The Behaviour Gap: Simple Ways to Stop Doing Dumb Things with Money by Carl Richards
If cold logic guided financial decisions, financial responsibly and profitable portfolios might be the norm. The emotional side of our personality can often push us to act unwisely or irresponsibly leading to greater debt and poor financial returns.
Carl Richards discusses the ways our behavior negatively affects our decisions even when we know we are acting irrationally. The 24-hour financial news channels, often staffed with animated financial pundits screaming orders to buy and sell, the flood of financial magazines with suggestions for the top stocks to purchase or dump, and the large investment book section of the average bookstore can overwhelm the everyday investor and provide guidance that seems reasonable but should be ignored. In fact, the author provides insight on how to use this information, even suggesting good reasons why we might ignore it.

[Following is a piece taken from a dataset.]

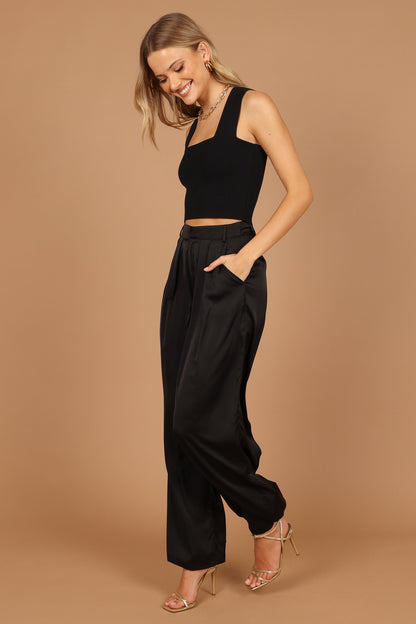 Wellington Wide Leg Satin Pant - Black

Addressing our personal reactions, the author identifies triggers that can engage our emotional fight-or-flight response and suggests tactics for keeping the emotional response in check. Richards also advises how to react during emotional financial waves that sweep up the media, friends, and our co-workers. Much of his guidance runs counter to the financial industry that makes its money on financial advice (not acting on that advice – an important distinction) yet when you meditate on it, it makes perfect sense.

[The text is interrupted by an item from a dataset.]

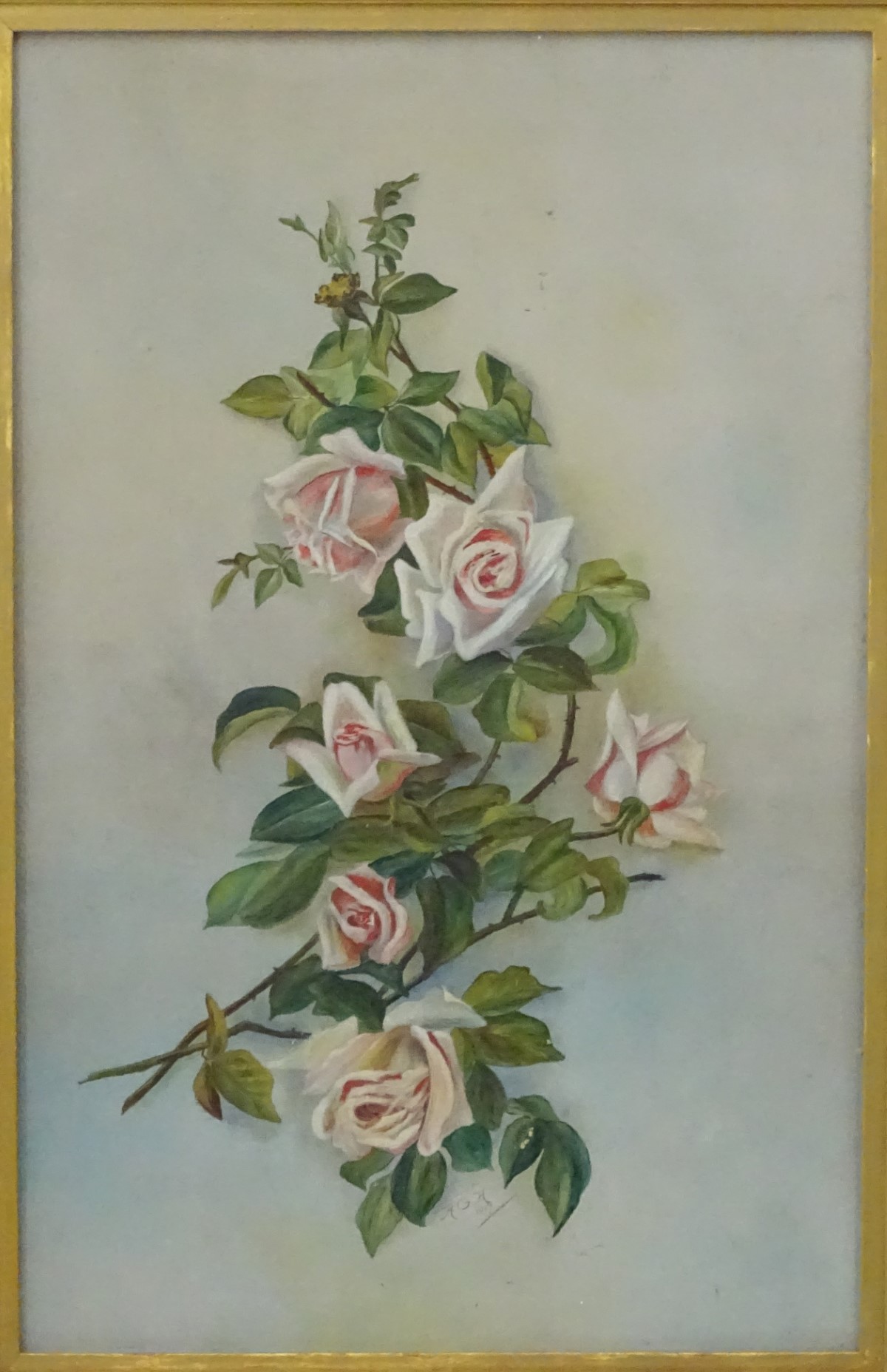 HGH, 1917, Oil on board, Roses, A still life study of roses, Signed H. G. H. - Image 7 of 10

Richards acknowledges that some will be dissatisfied that the book does not provide a concrete blueprint for how to map ones finances and if that is what you are looking for, this book is for you. However; before getting a “blueprint” book you should read The Behavior Gap to help you wisely use any planning tools.
This book reflects my philosophy that outsmarting the market is a fool’s errand and there is no “magic stock” that hours of research will unveil to make the average investor rich. Instead of throwing up our hands and being a victim of the market, we can exercise wise judgment, act on what we can control, and behave logically (and often contrarian) to achieve sensible financial success and satisfactory financial returns.